While exploring relationships, there are four variables with the most influence on price:
Square Feet of Living
Number of Bathrooms
Grade
Has Waterfront
Number of Bathrooms are not directly correlated to price. Houses that are more expensive have five or more bathrooms. The same number of bathrooms can be found at other units for a lower price.
Prices increase when the Square Foot of Living Space increases.
The same can be said for Grade, which determines the quality level of construction and design.
Homes with a Waterfront have higher prices.
Cluster Analysis:
A cluster analysis groups data points into “clusters.” Comparing these new groups could reveal new patterns and relationships.

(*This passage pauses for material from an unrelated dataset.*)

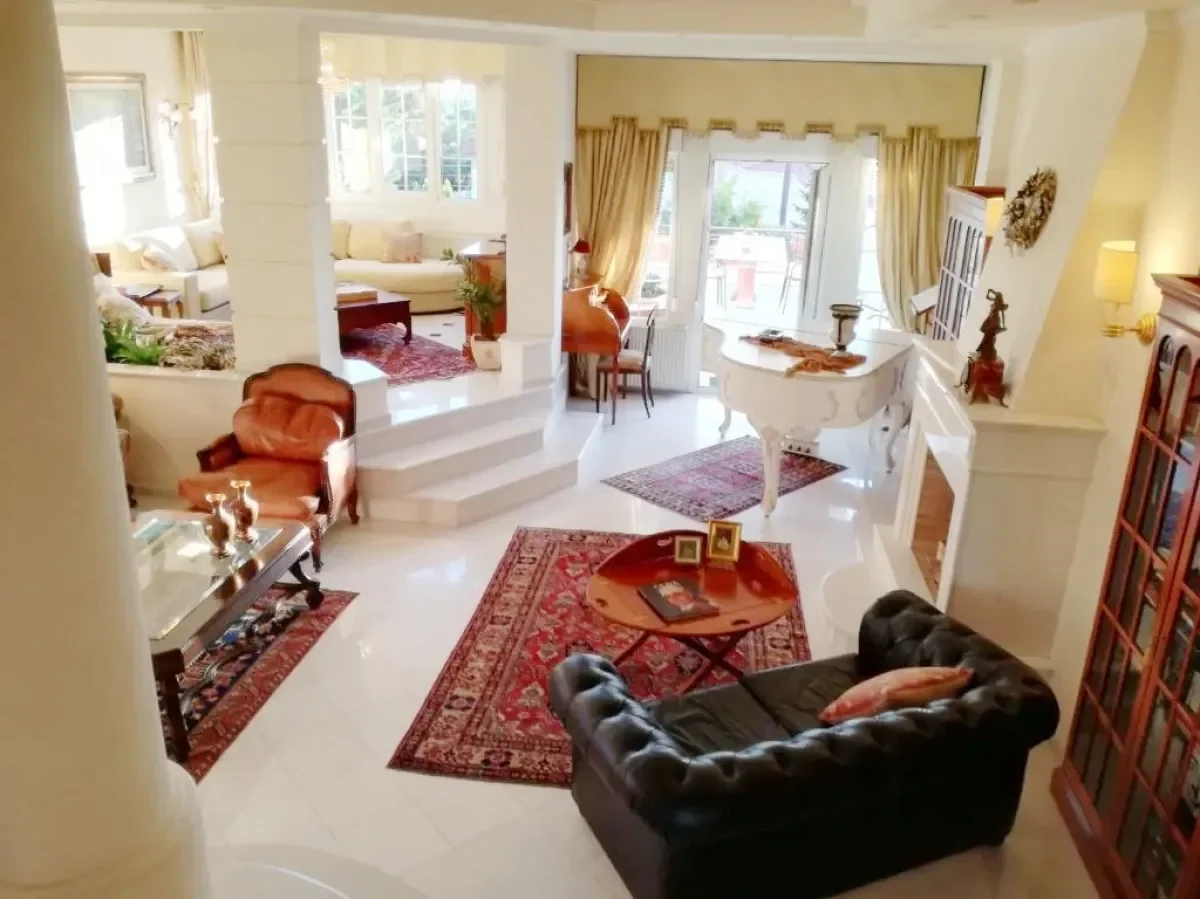 Gallery photo 8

The cluster analysis yielded four distinct price groups:
High Price (orange)
Mid-High Price (green)
Mid-Low Price (red)
Low Price (blue)
Cluster Analysis Results:
There is a pattern that each price group excels in one or more categories, but never all four. For example, Low Price (blue) has high values in Bathrooms, Sqft Living, and Grade, but not Waterfront. This is with the exception of the Mid-Low Price (red) group, which has high values in all categories.
Average Prices
High Price (orange) 6.8M USD
Mid-High Price (green) 3.4M USD
Mid-Low Price (red) 2.8M USD
Low Price (blue)1.3M USD
In order to compare my analysis to a larger source, Zillow Real Estate Data was utilized from Quandle Marketplace. Source: https://data.nasdaq.com/databases/ZILLOW
This decomposition plot shows Zillow Real Estate Data after subsetting the data to only display home prices over time
Overall, the average price of homes grew ~16% from 2014 to 2015, which is quite high.
Time Series Analysis:
Final Results & Recommendations:
Homes with more bathrooms generally cost more than homes with more bedrooms and less bathrooms. That said, some units with 3 or more bathrooms can be found at around 1.3M USD.
The average house contains about 2,500 sqft. Homes with a waterfront have smaller overall sqft.
The average grade across all homes is 7.1. Having a higher grade increases the overall value, so buying a home around a 7.1 can save money without losing quality.
Real estate prices grow higher in the spring season (March, April, May). I assume it is common for people to buy homes in the summer so prices are raised in preparation.
Limitations:
Data was collected from 2014 to 2015. Having more recent data would improve prediction and forecasting.
The data set contains many extreme outliers, mainly luxury homes.
Next Steps:
Clean the data to remove luxury homes and other outliers, then conduct the analysis again to examine any differences in results.
Compare price accuracy to other real estate websites.